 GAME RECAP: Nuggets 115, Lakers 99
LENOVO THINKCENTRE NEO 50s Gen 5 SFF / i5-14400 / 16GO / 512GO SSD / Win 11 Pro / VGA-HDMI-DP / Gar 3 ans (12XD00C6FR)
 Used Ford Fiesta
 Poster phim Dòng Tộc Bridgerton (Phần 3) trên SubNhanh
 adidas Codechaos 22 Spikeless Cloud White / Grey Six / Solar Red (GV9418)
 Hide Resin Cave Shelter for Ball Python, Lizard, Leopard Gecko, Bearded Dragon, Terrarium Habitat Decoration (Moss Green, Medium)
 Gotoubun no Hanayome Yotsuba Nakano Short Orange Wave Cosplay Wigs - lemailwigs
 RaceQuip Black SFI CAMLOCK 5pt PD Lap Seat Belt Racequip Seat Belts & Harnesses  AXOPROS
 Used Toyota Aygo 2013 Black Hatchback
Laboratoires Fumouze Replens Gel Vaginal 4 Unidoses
▬▬▬▬▬▬
• What to produce
What lines in the entries contain "Black"? Report each one by copying it.

• Exercise response
 RaceQuip Black SFI CAMLOCK 5pt PD Lap Seat Belt Racequip Seat Belts & Harnesses  AXOPROS
 Used Toyota Aygo 2013 Black Hatchback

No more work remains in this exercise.